Como decía, no imagino semejantes comentarios en respuesta a un artículo sobre cómo encontrar tiempo para correr maratones, y la pregunta obvia es por qué dan tanta rabia los superlectores entrevistados. No hay ningún comentario que agradezca los consejos dados (llevar libros siempre que se vaya de viaje aunque sea en el metro, buscar ratos más breves a lo largo del día si no se puede dedicar una hora a la lectura, usar las bibliotecas públicas para experimentar con distintos tipos de libros), sino un conjunto de ataques. España es un país tremendamente inculto y quizás ahí radica la inquina. Mientras que un comentario sugiere que el índice de lectura va subiendo como indica la apertura de nuevas grandes librerías en las ciudades mayores, otro espeta que si fuera así habría una librería en cada calle, mientras lo que hay son bares.
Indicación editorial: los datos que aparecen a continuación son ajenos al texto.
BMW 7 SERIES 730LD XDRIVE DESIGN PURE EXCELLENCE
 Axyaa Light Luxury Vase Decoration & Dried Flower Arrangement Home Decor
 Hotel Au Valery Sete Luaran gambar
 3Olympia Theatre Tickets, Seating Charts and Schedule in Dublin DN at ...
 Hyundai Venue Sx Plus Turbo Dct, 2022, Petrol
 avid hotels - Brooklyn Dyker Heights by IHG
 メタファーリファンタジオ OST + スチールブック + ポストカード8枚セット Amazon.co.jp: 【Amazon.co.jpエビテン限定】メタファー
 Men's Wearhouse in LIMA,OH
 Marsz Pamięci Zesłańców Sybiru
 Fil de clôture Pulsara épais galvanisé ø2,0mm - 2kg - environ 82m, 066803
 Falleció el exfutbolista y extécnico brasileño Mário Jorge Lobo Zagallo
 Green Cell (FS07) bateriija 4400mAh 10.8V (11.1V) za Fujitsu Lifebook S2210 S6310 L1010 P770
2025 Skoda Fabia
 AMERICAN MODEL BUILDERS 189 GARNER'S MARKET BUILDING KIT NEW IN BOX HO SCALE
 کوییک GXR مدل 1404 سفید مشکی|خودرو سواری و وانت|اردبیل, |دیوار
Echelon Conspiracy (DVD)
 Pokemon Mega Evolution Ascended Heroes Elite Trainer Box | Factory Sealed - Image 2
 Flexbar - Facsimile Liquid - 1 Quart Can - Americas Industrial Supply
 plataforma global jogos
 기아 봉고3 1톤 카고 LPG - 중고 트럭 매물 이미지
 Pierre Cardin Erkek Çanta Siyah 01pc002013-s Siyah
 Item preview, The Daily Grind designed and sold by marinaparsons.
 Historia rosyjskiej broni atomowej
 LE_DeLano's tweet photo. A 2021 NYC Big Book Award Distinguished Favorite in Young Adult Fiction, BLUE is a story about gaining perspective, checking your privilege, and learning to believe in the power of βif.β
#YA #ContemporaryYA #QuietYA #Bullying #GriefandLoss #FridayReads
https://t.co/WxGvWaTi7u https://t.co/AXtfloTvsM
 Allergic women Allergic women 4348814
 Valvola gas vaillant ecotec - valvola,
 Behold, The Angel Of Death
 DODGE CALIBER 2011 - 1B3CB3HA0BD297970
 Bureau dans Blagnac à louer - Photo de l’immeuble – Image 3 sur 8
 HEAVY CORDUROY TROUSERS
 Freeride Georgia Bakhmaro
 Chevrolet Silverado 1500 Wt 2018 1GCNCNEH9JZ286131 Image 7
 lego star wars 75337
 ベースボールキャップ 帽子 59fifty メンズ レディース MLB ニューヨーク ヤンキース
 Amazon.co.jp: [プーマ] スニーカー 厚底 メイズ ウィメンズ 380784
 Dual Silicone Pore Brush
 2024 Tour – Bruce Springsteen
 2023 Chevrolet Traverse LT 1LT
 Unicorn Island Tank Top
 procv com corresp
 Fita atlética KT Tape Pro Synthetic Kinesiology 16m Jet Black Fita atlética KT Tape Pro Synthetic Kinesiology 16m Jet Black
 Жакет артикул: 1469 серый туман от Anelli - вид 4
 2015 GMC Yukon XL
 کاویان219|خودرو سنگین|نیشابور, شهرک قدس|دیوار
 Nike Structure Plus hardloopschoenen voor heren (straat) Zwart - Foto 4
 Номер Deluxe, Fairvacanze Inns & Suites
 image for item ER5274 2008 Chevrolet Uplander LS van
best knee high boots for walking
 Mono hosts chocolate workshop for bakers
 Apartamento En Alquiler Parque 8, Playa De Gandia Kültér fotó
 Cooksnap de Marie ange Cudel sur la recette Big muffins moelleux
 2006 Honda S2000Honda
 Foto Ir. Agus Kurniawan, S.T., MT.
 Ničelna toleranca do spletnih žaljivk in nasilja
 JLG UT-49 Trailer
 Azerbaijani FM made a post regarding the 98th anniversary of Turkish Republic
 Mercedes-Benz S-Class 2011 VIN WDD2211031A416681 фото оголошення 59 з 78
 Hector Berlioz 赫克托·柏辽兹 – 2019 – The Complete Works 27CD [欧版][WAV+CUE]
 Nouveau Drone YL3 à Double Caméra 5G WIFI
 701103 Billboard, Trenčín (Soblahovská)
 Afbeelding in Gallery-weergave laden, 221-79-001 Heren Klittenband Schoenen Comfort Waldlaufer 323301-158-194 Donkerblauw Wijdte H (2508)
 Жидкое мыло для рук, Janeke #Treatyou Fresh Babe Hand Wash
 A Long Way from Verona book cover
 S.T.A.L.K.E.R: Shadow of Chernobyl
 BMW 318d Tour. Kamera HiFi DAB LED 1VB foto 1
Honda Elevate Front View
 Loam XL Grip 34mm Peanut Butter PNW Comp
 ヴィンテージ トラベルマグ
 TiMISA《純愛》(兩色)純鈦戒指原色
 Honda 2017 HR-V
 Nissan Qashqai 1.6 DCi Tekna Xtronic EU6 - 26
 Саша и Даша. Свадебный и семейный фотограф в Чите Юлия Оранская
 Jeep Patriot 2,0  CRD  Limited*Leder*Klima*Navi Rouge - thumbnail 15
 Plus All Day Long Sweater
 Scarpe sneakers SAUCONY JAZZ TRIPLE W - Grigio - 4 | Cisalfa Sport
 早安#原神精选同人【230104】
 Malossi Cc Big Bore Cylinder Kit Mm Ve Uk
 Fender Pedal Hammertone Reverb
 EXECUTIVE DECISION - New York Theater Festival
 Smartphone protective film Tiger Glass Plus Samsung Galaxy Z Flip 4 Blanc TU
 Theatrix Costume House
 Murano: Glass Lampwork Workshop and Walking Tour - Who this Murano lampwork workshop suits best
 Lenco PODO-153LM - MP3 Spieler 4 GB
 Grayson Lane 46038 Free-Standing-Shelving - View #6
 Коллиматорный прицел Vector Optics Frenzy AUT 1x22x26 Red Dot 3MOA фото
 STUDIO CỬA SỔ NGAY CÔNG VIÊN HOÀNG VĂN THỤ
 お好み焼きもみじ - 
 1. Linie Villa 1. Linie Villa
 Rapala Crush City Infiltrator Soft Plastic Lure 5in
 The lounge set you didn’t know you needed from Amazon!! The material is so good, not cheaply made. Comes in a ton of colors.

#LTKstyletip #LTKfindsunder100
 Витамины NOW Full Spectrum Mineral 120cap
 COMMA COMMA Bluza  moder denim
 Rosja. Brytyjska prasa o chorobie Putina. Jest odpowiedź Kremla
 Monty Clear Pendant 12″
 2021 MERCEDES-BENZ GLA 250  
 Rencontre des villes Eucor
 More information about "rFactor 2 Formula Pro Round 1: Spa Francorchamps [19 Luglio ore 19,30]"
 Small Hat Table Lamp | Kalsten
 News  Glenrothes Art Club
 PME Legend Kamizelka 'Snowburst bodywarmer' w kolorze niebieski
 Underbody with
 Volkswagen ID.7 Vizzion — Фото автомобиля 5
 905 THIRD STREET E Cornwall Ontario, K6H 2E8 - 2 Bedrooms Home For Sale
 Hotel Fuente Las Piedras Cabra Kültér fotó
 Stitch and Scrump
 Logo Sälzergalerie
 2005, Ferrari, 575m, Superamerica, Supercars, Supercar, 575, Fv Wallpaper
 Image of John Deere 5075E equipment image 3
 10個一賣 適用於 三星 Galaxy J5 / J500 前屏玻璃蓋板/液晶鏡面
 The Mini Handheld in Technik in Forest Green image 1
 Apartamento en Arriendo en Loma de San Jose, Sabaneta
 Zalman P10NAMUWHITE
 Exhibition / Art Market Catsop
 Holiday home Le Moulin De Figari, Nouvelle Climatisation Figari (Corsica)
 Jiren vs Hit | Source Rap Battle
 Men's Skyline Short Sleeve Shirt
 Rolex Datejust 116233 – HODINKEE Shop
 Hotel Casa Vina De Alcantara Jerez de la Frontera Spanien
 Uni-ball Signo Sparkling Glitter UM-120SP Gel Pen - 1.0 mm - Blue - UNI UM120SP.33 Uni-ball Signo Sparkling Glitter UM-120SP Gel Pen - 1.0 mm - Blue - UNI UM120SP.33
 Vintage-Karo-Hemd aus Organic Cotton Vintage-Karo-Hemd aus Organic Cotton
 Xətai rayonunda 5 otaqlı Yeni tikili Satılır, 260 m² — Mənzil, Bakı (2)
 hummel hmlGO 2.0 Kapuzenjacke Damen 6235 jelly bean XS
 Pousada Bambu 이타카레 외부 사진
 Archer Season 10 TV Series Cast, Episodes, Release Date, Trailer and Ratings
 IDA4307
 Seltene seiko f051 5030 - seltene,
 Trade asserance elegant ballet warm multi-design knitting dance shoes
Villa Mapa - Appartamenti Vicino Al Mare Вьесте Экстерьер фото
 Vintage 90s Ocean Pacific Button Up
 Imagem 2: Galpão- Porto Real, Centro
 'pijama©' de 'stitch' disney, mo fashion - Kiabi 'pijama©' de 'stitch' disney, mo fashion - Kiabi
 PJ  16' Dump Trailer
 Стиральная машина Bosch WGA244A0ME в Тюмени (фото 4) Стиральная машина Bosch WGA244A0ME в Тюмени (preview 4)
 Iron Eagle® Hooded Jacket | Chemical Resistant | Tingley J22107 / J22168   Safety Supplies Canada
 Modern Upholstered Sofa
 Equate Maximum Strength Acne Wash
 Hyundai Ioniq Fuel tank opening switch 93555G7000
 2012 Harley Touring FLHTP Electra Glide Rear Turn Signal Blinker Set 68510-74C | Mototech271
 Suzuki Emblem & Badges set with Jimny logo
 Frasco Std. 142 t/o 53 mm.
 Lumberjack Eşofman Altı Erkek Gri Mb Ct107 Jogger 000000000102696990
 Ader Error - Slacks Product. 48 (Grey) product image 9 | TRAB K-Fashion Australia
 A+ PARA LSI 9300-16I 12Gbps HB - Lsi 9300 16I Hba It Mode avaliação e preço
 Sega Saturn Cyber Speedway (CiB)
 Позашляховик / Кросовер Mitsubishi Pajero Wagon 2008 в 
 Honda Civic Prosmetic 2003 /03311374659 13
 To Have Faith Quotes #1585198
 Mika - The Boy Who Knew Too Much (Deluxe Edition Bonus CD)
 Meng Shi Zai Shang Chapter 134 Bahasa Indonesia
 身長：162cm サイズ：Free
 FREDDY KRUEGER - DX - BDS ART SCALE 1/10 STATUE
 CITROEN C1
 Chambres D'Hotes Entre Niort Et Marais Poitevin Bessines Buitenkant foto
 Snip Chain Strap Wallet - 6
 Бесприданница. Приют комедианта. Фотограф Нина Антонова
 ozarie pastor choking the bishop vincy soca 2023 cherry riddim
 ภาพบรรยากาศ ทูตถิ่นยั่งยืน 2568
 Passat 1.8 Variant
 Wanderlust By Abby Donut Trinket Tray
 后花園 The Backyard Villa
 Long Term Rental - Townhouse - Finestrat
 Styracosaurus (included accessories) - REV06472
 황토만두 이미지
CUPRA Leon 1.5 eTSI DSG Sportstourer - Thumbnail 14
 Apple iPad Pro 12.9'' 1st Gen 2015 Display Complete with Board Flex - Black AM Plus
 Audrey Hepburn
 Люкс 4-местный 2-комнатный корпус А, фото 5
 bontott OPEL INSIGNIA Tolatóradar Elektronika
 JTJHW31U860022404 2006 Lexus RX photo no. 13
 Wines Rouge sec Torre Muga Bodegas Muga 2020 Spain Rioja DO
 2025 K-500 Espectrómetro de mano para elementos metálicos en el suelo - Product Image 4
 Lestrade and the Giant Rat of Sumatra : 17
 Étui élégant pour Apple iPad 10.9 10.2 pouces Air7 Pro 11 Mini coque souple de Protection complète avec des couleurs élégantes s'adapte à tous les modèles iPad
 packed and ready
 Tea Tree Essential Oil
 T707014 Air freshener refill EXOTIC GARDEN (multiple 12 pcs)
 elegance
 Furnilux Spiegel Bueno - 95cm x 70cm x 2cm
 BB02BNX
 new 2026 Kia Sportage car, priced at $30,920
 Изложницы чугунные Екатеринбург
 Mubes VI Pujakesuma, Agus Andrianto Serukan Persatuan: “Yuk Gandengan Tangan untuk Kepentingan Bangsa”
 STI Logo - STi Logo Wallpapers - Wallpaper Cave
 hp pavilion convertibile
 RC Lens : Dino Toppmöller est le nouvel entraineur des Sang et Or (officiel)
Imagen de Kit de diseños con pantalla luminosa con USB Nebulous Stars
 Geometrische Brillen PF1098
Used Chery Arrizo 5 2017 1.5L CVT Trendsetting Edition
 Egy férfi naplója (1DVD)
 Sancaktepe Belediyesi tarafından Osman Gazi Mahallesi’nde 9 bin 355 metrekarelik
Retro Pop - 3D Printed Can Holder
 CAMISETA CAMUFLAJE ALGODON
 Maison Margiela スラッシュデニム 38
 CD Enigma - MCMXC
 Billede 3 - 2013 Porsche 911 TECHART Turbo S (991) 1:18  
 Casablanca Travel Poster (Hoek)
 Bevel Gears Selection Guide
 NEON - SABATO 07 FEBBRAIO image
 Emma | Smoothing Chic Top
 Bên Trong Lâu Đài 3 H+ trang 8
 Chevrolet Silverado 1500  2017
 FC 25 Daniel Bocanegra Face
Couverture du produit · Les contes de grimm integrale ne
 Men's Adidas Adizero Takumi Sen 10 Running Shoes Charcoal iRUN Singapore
Dada esta situación no sorprende tanto que los superlectores sean menospreciados como listillos que se creen superiores a los demás. Por otra parte, es cierto que los entrevistados no dudan en criticar el consumo masivo de series y de programas de cotilleo como lacras que impiden maximizar el tiempo que se podría dedicar a la lectura, y entiendo que esta postura pueda ser ofensiva. Tengo que aclarar que en mi propio entorno académico no todo el mundo lee desaforadamente, y que más de un colega profesor de Literatura lee menos de lo que debiera por culpa de las series. No me sorprendería tal como van las cosas que de aquí a treinta años ya no se enseñen libros en nuestros grados de Estudios Ingleses, sino series (creo que el cine está muriendo antes de poder llegar a nuestras aulas).
Como escribí en mi anterior entrada, cuando llega la noche y tengo un rato de ocio siempre surge la duda de si optaré por una película o por el libro que esté leyendo esos días. Como decía Daniel Monleón en su comentario leer es solitario y normalmente si opto por una película es porque quiero hacerle compañía a mi pareja, que es un fanático total del cine. El problema es que si la película no me interesa demasiado me revuelvo inquieta en el sofá pensando en el libro que podría estar leyendo, situación que es difícil de comprender (lo sé) para un no lector. Si lo piensas bien, el hábito de leer constantemente es sumamente extraño, y quizás un tanto egoísta como sugieren algunos de los comentarios citados. Ciertamente, no se puede compartir, a pesar de redes sociales como GoodReads o los muchos clubs de lectura, a no ser que, como hacían muchas familias en el siglo XIX, uno lea en voz alta y otros escuchen. Tampoco es que ver la televisión o usar las redes sociales sea un acto más sociable, como se puede ver en esos grupos de adolescentes que no hablan entre sí mientras cada uno consulta su móvil. Pero somos los lectores impenitentes los que arrastramos el sambenito de estar demasiado abstraídos, demasiado inmersos en otros mundos. De ser unos raros, en suma.
Como sé que nunca correrá una maratón, digan lo que digan los deportistas, sé que no sirve de nada recomendar leer si no 80 al menos más de 12 libros al año. Lo dejo caer, por si alguien se anima.